▶ _Records shown_:

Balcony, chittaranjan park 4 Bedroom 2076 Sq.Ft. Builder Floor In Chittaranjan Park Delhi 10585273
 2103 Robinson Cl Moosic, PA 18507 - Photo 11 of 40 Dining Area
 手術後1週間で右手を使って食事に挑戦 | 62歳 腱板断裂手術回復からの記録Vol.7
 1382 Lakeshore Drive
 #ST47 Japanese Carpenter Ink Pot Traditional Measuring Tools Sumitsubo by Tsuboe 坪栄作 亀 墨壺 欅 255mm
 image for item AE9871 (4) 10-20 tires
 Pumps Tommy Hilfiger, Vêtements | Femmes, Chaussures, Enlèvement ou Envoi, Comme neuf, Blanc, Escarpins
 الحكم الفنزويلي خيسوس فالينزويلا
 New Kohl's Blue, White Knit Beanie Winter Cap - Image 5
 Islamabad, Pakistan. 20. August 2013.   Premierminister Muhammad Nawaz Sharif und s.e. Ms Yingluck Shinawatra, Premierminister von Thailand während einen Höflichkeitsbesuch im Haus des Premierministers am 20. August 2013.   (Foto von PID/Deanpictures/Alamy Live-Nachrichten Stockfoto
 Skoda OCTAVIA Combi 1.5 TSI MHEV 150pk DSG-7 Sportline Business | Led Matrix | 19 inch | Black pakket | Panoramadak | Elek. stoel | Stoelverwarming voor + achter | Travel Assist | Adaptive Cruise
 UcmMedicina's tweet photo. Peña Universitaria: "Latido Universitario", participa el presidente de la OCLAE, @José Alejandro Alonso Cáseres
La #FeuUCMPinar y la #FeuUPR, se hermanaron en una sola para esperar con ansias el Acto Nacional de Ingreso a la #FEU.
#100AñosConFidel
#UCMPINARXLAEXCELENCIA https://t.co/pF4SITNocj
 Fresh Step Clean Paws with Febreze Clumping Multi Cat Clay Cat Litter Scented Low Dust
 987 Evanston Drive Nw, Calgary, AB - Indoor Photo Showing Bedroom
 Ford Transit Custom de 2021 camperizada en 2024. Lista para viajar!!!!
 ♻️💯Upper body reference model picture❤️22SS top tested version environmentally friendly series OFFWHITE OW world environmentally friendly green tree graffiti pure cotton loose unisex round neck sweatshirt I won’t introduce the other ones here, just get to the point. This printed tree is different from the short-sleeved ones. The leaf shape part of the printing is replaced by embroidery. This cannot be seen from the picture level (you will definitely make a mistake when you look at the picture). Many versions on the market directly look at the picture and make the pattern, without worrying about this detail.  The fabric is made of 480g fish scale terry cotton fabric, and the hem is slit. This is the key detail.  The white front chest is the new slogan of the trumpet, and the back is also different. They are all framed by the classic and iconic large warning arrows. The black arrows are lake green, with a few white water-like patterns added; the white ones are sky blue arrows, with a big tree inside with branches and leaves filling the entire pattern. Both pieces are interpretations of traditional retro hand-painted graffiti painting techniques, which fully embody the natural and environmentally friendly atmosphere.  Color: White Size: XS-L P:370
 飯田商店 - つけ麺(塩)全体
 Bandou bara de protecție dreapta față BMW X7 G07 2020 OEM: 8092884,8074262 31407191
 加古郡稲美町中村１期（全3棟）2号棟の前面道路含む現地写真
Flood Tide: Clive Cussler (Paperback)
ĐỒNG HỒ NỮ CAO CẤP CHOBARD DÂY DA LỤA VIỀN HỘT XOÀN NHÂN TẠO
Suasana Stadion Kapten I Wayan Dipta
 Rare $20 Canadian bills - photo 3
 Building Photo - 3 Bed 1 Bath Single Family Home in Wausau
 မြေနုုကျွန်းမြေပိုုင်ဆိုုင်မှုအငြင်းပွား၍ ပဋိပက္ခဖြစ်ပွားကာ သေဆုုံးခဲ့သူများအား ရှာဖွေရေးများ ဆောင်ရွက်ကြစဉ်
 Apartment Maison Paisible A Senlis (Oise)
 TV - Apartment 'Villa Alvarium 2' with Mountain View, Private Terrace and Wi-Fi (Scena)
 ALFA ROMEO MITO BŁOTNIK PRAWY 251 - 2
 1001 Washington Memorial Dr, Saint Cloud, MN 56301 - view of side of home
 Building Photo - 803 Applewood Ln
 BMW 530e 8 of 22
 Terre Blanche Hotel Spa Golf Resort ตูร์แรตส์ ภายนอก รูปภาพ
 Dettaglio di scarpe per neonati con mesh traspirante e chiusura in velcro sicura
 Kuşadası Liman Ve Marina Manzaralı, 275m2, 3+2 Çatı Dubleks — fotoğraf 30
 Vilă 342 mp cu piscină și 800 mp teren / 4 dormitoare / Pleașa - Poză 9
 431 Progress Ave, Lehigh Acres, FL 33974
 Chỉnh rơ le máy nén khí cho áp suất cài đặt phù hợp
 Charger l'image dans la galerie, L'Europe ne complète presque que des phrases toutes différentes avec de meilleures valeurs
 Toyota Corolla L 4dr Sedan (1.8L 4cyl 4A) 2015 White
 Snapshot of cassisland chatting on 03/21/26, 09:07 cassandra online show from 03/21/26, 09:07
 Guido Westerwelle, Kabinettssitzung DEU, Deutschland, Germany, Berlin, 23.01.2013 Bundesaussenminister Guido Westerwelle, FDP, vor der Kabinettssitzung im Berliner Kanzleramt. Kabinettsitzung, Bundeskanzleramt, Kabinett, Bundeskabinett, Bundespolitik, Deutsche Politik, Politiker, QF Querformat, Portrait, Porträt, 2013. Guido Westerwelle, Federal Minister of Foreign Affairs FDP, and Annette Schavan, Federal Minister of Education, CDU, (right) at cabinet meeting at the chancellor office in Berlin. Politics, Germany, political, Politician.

▶ _Prompt_: Copy out only the lines above from the one with "#UCMPINARXLAEXCELENCIA https://t.co/pF4SITNocj" to the one with "Building Photo - 3", inclusive, exactly as they stand.

▶ _Task response_:
#UCMPINARXLAEXCELENCIA https://t.co/pF4SITNocj
 Fresh Step Clean Paws with Febreze Clumping Multi Cat Clay Cat Litter Scented Low Dust
 987 Evanston Drive Nw, Calgary, AB - Indoor Photo Showing Bedroom
 Ford Transit Custom de 2021 camperizada en 2024. Lista para viajar!!!!
 ♻️💯Upper body reference model picture❤️22SS top tested version environmentally friendly series OFFWHITE OW world environmentally friendly green tree graffiti pure cotton loose unisex round neck sweatshirt I won’t introduce the other ones here, just get to the point. This printed tree is different from the short-sleeved ones. The leaf shape part of the printing is replaced by embroidery. This cannot be seen from the picture level (you will definitely make a mistake when you look at the picture). Many versions on the market directly look at the picture and make the pattern, without worrying about this detail.  The fabric is made of 480g fish scale terry cotton fabric, and the hem is slit. This is the key detail.  The white front chest is the new slogan of the trumpet, and the back is also different. They are all framed by the classic and iconic large warning arrows. The black arrows are lake green, with a few white water-like patterns added; the white ones are sky blue arrows, with a big tree inside with branches and leaves filling the entire pattern. Both pieces are interpretations of traditional retro hand-painted graffiti painting techniques, which fully embody the natural and environmentally friendly atmosphere.  Color: White Size: XS-L P:370
 飯田商店 - つけ麺(塩)全体
 Bandou bara de protecție dreapta față BMW X7 G07 2020 OEM: 8092884,8074262 31407191
 加古郡稲美町中村１期（全3棟）2号棟の前面道路含む現地写真
Flood Tide: Clive Cussler (Paperback)
ĐỒNG HỒ NỮ CAO CẤP CHOBARD DÂY DA LỤA VIỀN HỘT XOÀN NHÂN TẠO
Suasana Stadion Kapten I Wayan Dipta
 Rare $20 Canadian bills - photo 3
 Building Photo - 3 Bed 1 Bath Single Family Home in Wausau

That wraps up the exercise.